Data for this exercise:

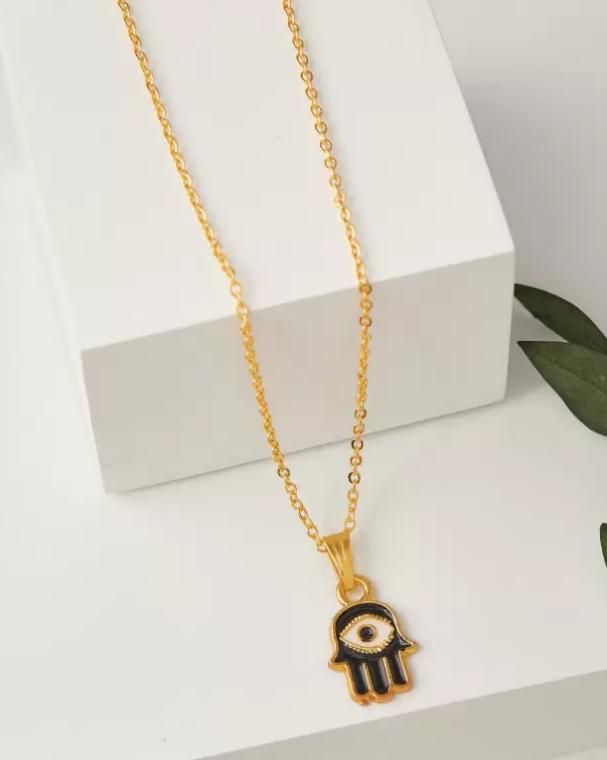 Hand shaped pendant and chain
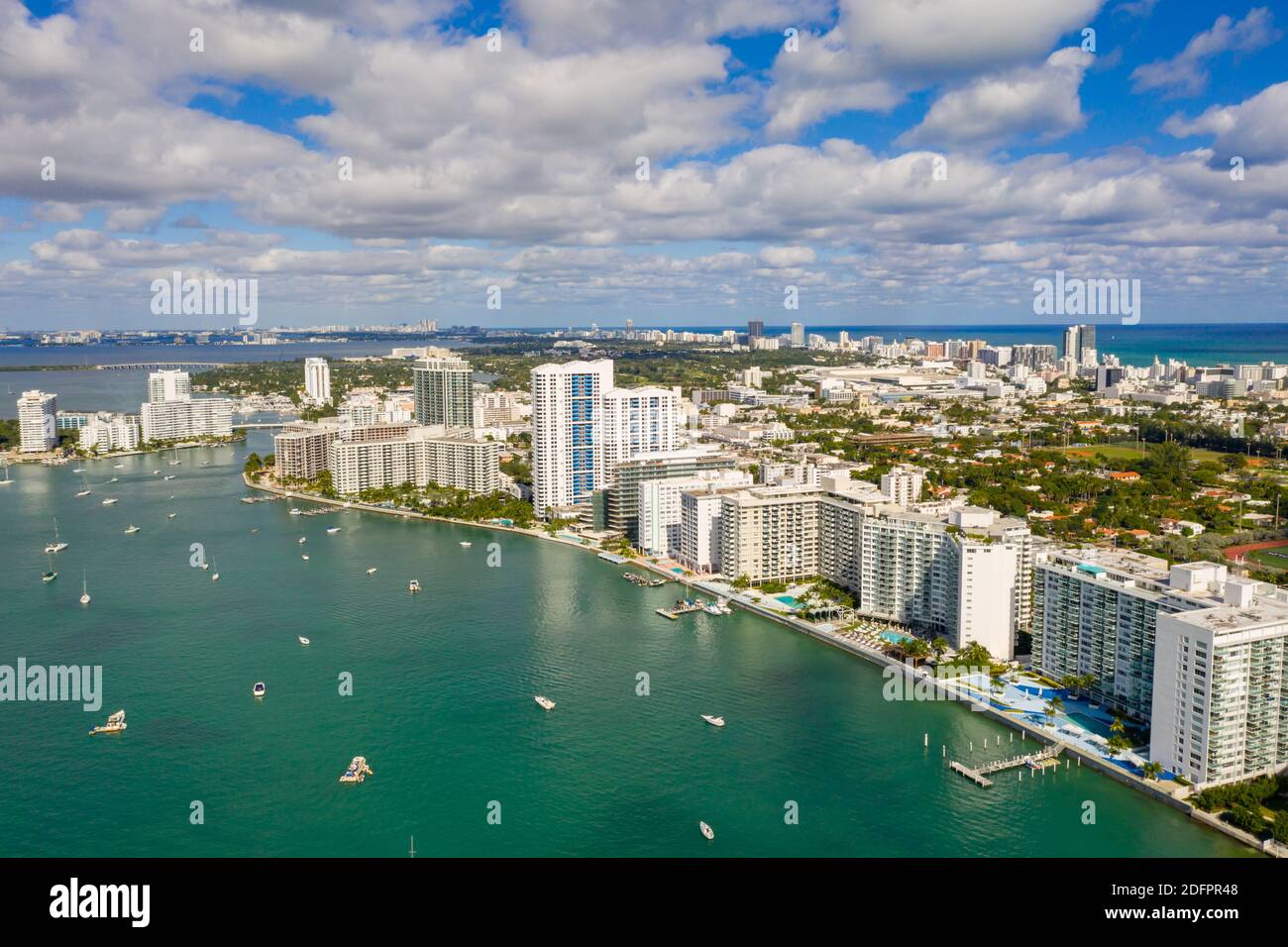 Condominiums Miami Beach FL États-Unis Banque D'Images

---

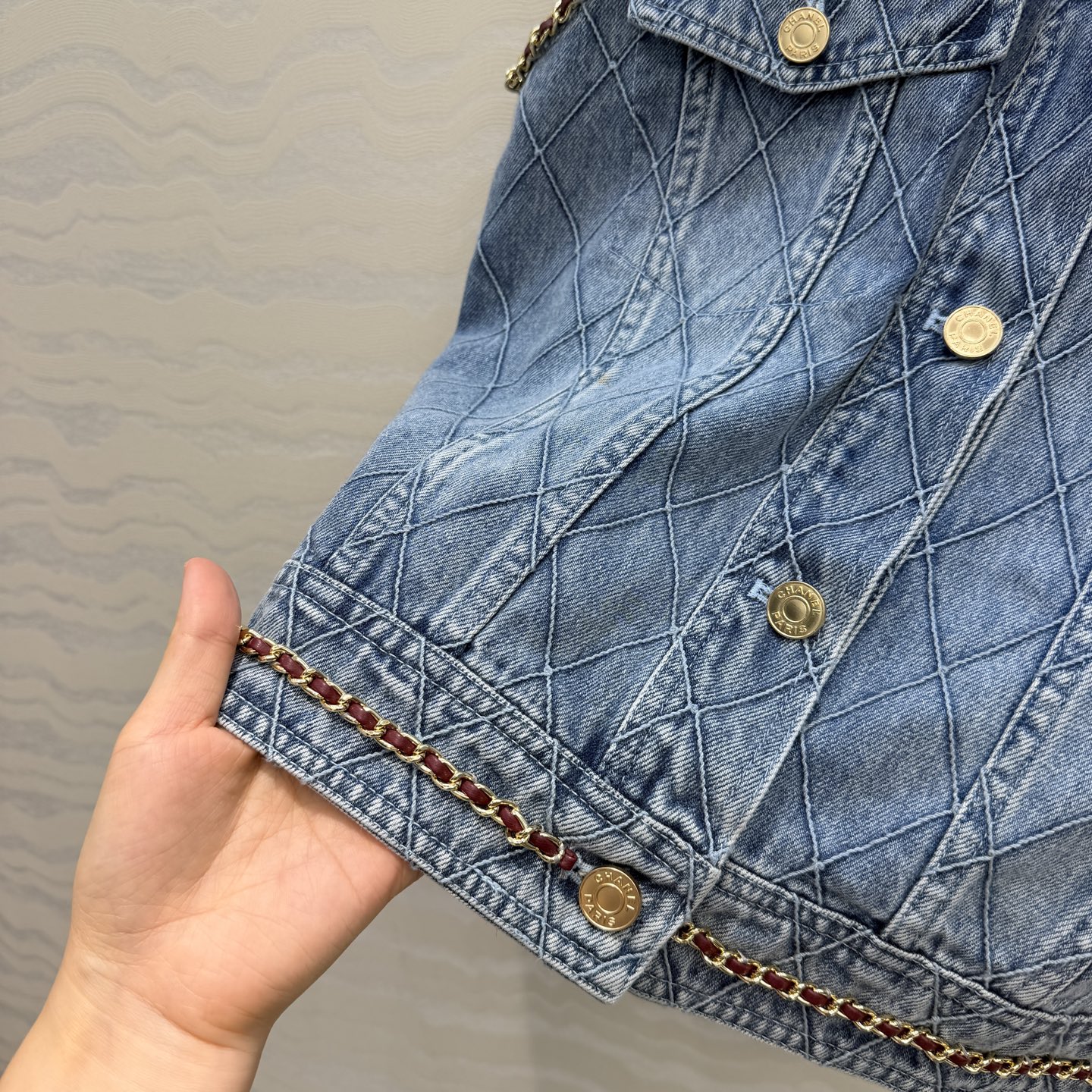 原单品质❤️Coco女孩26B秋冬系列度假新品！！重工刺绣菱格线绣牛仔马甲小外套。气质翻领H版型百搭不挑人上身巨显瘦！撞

About this exercise: Would you copy the lines above exactly, starting with the one that has "Hand shaped pendant and chain" and ending with the one that has "Condominiums Miami Beach", both included, without the pictures?

Written solution:
 Hand shaped pendant and chain
 Condominiums Miami Beach FL États-Unis Banque D'Images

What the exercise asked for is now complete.